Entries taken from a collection
Segment Open

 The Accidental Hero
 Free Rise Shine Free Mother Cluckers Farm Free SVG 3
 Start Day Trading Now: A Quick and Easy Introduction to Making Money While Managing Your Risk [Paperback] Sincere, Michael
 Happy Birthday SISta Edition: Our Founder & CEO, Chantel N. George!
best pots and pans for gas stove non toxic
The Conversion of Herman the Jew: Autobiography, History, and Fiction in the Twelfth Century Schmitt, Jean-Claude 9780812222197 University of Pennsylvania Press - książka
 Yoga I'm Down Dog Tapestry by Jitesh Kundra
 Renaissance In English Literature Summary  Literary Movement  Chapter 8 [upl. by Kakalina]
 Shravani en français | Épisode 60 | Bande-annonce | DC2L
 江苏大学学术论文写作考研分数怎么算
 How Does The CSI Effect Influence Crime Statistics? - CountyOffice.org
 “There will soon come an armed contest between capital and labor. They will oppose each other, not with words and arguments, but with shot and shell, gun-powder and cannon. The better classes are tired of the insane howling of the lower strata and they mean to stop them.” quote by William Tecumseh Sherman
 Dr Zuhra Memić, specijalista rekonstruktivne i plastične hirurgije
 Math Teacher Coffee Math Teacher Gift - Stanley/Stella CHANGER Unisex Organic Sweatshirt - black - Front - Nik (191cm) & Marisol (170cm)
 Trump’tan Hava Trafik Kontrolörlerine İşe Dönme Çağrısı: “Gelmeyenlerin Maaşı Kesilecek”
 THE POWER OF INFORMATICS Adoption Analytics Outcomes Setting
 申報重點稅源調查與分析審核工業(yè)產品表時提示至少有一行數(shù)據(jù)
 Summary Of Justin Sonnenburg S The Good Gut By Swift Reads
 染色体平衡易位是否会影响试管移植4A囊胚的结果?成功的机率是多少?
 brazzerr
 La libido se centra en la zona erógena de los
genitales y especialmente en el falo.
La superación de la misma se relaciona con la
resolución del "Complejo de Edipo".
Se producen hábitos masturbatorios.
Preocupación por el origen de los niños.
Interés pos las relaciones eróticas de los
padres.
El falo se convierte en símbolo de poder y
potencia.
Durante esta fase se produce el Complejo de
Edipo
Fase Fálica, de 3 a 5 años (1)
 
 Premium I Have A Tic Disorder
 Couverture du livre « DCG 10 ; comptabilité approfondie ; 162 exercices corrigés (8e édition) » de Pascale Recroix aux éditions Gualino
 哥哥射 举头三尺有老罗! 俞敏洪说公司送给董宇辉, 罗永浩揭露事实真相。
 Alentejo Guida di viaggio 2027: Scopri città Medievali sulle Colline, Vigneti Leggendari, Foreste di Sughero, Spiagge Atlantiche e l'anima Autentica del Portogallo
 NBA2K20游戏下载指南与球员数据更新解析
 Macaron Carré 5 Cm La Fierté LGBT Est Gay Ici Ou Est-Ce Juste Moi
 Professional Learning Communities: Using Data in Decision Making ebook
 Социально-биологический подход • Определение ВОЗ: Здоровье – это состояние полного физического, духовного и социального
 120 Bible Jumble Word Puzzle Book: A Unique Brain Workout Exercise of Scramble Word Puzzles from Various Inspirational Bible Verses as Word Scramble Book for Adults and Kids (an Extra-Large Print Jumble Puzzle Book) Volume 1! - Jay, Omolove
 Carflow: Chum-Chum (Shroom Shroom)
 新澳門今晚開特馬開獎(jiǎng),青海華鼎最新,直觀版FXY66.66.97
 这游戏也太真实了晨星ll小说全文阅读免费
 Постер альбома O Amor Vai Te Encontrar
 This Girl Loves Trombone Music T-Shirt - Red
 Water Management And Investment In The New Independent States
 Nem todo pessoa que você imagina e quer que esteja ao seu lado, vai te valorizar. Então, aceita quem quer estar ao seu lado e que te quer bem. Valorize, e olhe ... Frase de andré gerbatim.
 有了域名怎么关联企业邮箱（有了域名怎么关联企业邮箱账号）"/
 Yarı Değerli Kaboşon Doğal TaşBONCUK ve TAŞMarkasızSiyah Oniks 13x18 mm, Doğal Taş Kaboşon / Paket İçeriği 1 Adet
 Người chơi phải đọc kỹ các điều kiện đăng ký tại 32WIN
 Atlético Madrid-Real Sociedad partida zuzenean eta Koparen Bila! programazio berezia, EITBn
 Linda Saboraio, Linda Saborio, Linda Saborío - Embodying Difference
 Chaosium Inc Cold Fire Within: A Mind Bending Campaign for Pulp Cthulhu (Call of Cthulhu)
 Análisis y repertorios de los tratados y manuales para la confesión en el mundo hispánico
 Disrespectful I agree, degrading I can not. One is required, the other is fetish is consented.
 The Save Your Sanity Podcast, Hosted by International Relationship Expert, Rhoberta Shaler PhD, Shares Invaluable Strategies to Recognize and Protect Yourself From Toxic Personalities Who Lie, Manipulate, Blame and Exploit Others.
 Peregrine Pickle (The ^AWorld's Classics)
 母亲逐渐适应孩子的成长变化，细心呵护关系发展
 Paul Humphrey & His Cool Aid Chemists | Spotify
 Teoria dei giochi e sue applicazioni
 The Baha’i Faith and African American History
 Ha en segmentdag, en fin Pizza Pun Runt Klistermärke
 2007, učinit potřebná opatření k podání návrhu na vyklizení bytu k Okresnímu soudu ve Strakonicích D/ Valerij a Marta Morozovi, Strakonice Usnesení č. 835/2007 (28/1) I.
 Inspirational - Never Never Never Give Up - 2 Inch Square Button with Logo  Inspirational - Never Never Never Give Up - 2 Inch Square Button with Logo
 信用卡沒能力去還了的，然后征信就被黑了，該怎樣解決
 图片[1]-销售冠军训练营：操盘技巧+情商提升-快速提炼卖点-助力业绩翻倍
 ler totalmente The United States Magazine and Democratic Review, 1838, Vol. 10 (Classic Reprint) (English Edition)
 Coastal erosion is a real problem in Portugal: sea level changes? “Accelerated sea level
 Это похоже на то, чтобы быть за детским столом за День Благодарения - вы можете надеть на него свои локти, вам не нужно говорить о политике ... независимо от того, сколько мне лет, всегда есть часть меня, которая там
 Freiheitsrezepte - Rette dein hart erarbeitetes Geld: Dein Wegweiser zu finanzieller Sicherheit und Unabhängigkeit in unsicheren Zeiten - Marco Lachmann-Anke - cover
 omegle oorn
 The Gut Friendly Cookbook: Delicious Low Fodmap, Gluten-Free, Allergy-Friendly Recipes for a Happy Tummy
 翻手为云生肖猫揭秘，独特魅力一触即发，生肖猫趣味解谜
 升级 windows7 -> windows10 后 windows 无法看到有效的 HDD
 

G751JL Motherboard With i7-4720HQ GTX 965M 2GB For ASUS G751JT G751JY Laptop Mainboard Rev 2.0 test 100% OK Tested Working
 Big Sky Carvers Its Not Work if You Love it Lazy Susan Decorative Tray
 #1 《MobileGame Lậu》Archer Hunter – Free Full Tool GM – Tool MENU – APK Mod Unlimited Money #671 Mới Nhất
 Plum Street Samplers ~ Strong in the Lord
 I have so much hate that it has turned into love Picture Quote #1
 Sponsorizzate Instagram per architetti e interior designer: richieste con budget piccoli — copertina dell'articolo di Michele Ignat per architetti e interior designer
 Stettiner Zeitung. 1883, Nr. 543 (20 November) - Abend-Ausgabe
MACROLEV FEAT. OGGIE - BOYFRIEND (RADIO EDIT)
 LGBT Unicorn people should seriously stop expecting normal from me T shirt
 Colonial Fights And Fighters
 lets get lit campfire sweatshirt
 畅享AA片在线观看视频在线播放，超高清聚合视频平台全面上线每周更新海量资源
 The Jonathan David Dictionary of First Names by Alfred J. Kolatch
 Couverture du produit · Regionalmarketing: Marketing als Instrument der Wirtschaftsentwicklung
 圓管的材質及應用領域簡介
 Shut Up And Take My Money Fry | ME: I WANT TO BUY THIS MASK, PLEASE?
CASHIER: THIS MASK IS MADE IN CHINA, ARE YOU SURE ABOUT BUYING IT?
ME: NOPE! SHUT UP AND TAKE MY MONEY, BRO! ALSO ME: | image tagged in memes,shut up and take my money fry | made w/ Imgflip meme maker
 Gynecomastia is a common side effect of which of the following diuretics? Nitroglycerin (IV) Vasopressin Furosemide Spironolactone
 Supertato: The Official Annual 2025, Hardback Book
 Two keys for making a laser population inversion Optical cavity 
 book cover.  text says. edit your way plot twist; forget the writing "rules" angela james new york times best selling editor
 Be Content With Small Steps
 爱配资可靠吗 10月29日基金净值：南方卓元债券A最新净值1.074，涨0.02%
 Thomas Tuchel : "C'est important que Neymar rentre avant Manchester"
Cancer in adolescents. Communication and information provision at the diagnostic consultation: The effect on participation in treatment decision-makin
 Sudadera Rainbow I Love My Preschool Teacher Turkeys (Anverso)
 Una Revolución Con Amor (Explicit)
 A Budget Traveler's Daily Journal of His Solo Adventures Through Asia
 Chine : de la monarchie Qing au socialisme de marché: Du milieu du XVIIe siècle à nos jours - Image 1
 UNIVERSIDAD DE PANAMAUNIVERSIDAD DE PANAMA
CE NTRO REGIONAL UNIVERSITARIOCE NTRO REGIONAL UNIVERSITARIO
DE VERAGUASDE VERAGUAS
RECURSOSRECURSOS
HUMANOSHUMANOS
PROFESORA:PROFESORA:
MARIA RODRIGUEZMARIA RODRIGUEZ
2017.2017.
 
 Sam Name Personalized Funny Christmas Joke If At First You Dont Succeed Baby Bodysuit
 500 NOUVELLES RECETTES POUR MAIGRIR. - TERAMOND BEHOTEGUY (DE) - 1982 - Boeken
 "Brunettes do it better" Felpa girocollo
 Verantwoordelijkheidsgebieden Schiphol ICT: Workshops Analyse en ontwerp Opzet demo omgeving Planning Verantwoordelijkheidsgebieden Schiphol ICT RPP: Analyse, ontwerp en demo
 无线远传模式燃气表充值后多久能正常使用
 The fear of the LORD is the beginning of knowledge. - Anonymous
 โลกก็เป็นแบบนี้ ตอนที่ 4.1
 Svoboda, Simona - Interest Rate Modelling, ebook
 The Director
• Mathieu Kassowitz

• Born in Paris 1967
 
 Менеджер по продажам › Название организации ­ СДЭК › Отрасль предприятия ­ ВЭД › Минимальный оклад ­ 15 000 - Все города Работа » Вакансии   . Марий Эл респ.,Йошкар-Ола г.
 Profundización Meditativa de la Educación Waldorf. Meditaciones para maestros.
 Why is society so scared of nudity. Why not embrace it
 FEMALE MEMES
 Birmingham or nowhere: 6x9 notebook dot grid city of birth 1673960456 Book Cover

Segment Closed

Task to carry out: Return, unchanged, the run of lines above that opens with the line containing "Dr Zuhra Memić, specijalista" and closes with the line containing "120 Bible Jumble". Include both.

Written answer:
 Dr Zuhra Memić, specijalista rekonstruktivne i plastične hirurgije
 Math Teacher Coffee Math Teacher Gift - Stanley/Stella CHANGER Unisex Organic Sweatshirt - black - Front - Nik (191cm) & Marisol (170cm)
 Trump’tan Hava Trafik Kontrolörlerine İşe Dönme Çağrısı: “Gelmeyenlerin Maaşı Kesilecek”
 THE POWER OF INFORMATICS Adoption Analytics Outcomes Setting
 申報重點稅源調查與分析審核工業(yè)產品表時提示至少有一行數(shù)據(jù)
 Summary Of Justin Sonnenburg S The Good Gut By Swift Reads
 染色体平衡易位是否会影响试管移植4A囊胚的结果?成功的机率是多少?
 brazzerr
 La libido se centra en la zona erógena de los
genitales y especialmente en el falo.
La superación de la misma se relaciona con la
resolución del "Complejo de Edipo".
Se producen hábitos masturbatorios.
Preocupación por el origen de los niños.
Interés pos las relaciones eróticas de los
padres.
El falo se convierte en símbolo de poder y
potencia.
Durante esta fase se produce el Complejo de
Edipo
Fase Fálica, de 3 a 5 años (1)
 
 Premium I Have A Tic Disorder
 Couverture du livre « DCG 10 ; comptabilité approfondie ; 162 exercices corrigés (8e édition) » de Pascale Recroix aux éditions Gualino
 哥哥射 举头三尺有老罗! 俞敏洪说公司送给董宇辉, 罗永浩揭露事实真相。
 Alentejo Guida di viaggio 2027: Scopri città Medievali sulle Colline, Vigneti Leggendari, Foreste di Sughero, Spiagge Atlantiche e l'anima Autentica del Portogallo
 NBA2K20游戏下载指南与球员数据更新解析
 Macaron Carré 5 Cm La Fierté LGBT Est Gay Ici Ou Est-Ce Juste Moi
 Professional Learning Communities: Using Data in Decision Making ebook
 Социально-биологический подход • Определение ВОЗ: Здоровье – это состояние полного физического, духовного и социального
 120 Bible Jumble Word Puzzle Book: A Unique Brain Workout Exercise of Scramble Word Puzzles from Various Inspirational Bible Verses as Word Scramble Book for Adults and Kids (an Extra-Large Print Jumble Puzzle Book) Volume 1! - Jay, Omolove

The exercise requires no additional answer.